> DATA SUPPLIED
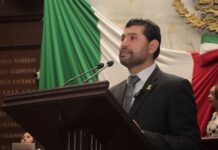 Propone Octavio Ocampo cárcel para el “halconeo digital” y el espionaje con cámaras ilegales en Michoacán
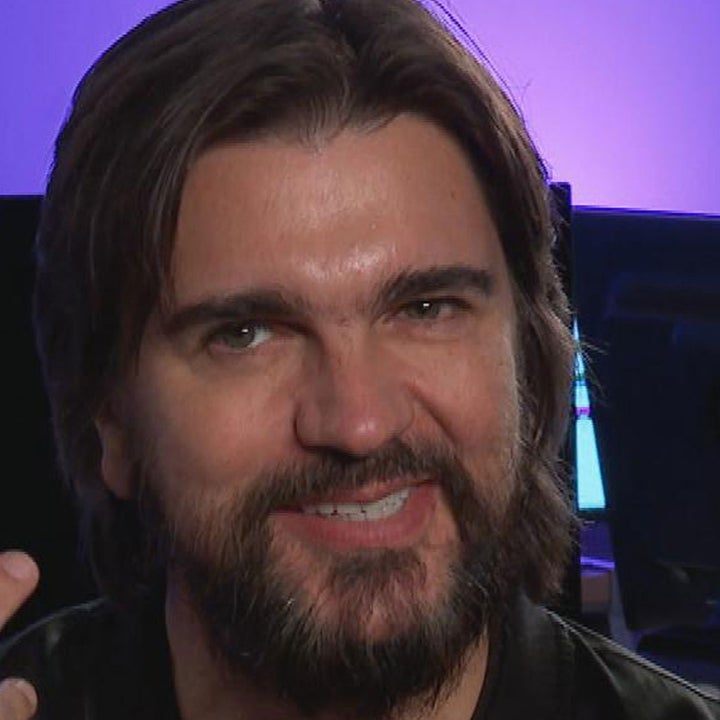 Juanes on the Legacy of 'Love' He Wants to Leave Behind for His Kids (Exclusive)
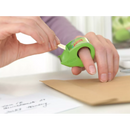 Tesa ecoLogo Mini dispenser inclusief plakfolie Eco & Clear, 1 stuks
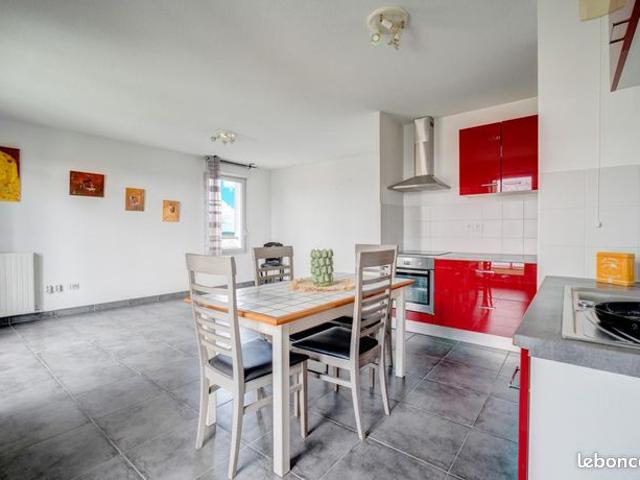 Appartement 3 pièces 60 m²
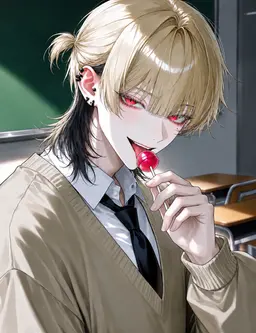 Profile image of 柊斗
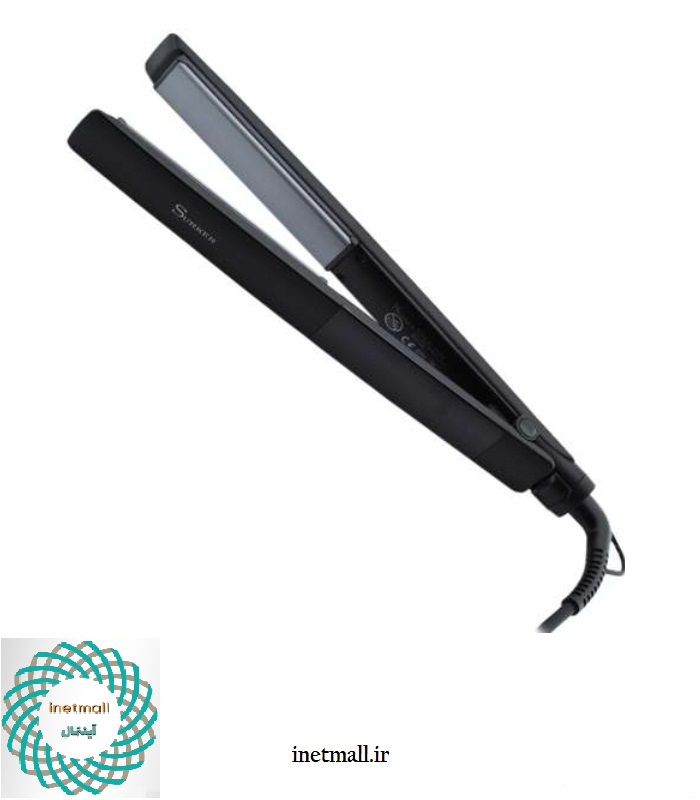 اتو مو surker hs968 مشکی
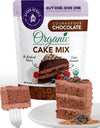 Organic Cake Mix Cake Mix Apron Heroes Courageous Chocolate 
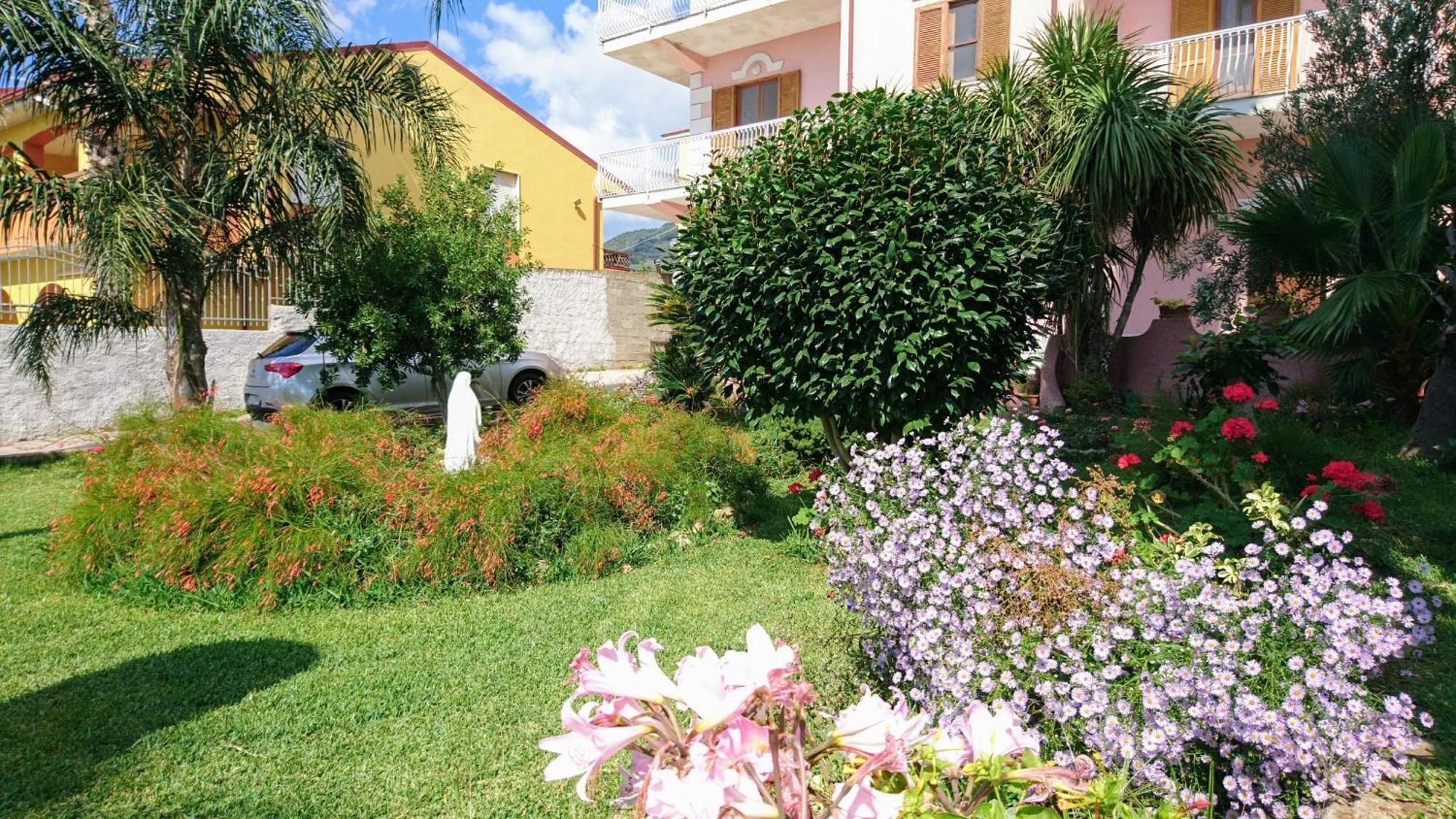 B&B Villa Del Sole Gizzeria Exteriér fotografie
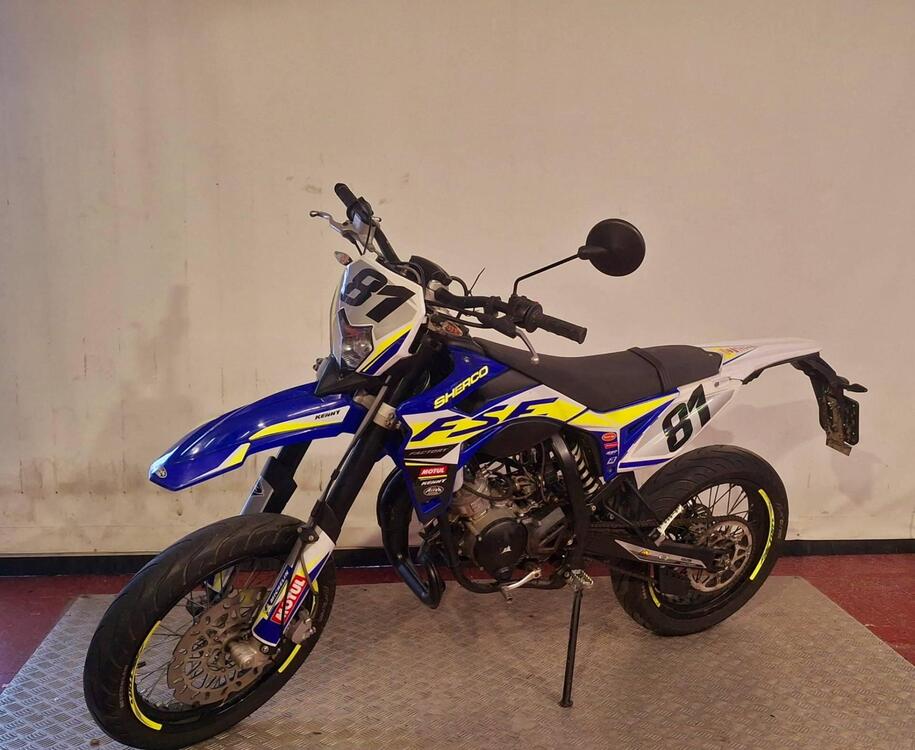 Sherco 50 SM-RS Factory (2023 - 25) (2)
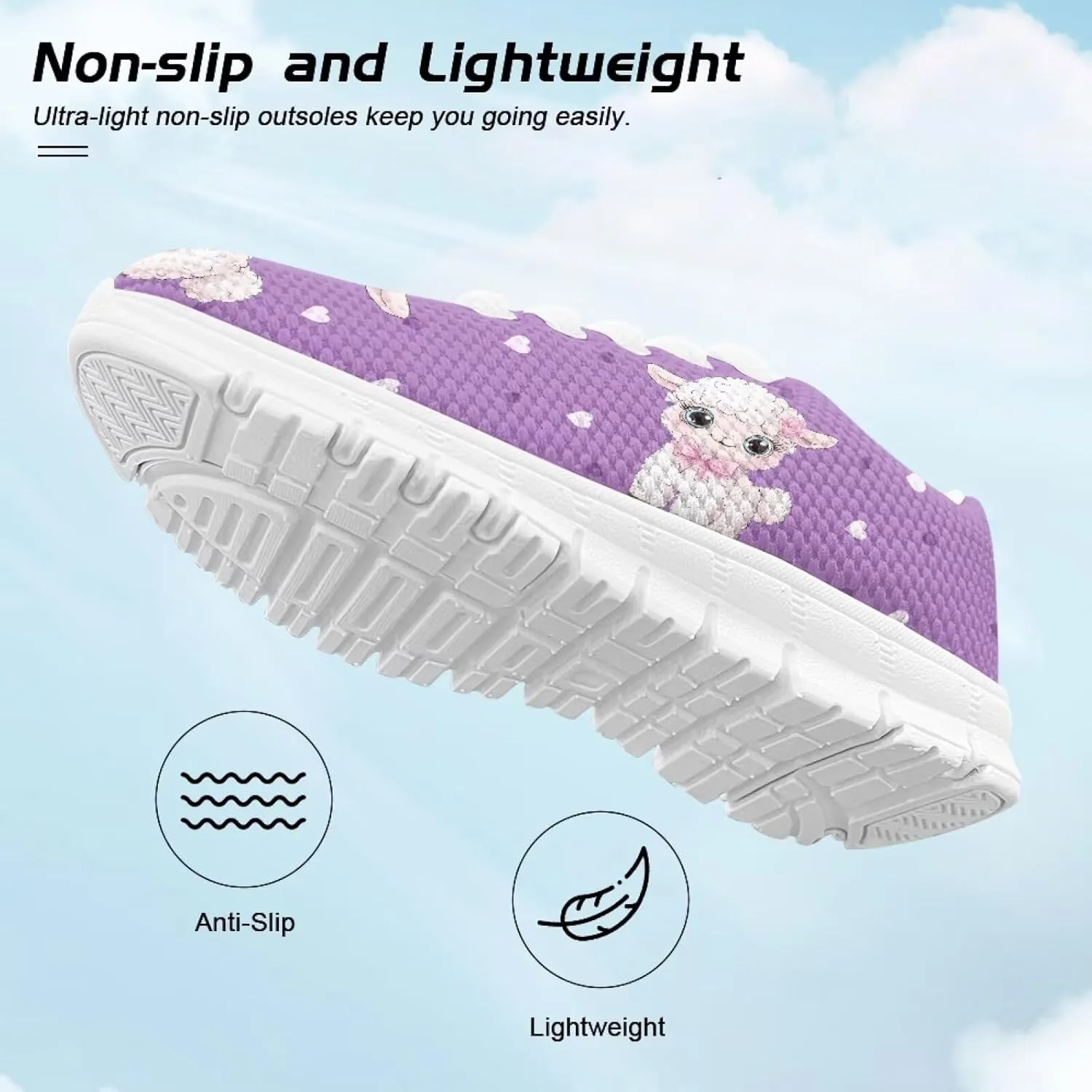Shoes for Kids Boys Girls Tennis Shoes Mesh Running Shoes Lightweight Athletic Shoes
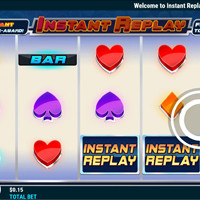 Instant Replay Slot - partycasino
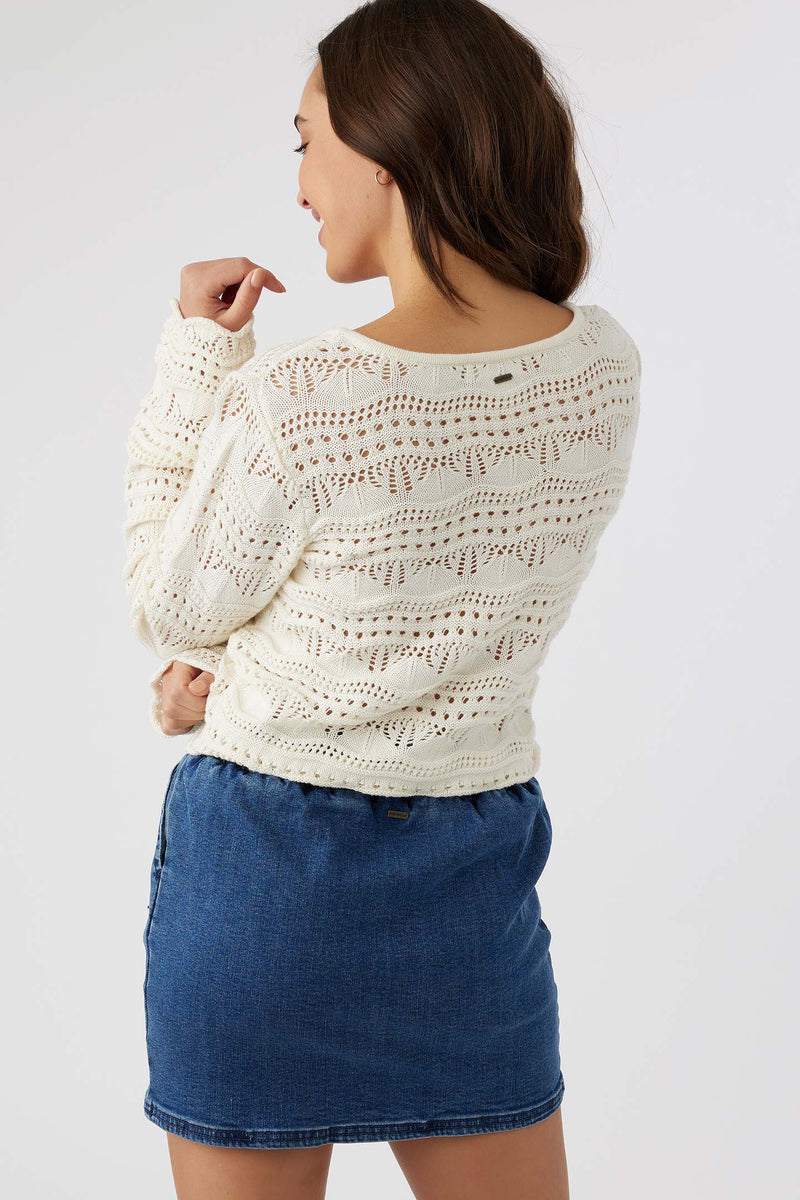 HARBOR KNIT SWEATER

> WHAT IS EXPECTED
The expected output is the complete listing, word for word, without any picture.

> REPLY TO THE EXERCISE
 Propone Octavio Ocampo cárcel para el “halconeo digital” y el espionaje con cámaras ilegales en Michoacán
 Juanes on the Legacy of 'Love' He Wants to Leave Behind for His Kids (Exclusive)
 Tesa ecoLogo Mini dispenser inclusief plakfolie Eco & Clear, 1 stuks
 Appartement 3 pièces 60 m²
 Profile image of 柊斗
 اتو مو surker hs968 مشکی
 Organic Cake Mix Cake Mix Apron Heroes Courageous Chocolate 
 B&B Villa Del Sole Gizzeria Exteriér fotografie
 Sherco 50 SM-RS Factory (2023 - 25) (2)
Shoes for Kids Boys Girls Tennis Shoes Mesh Running Shoes Lightweight Athletic Shoes
 Instant Replay Slot - partycasino
 HARBOR KNIT SWEATER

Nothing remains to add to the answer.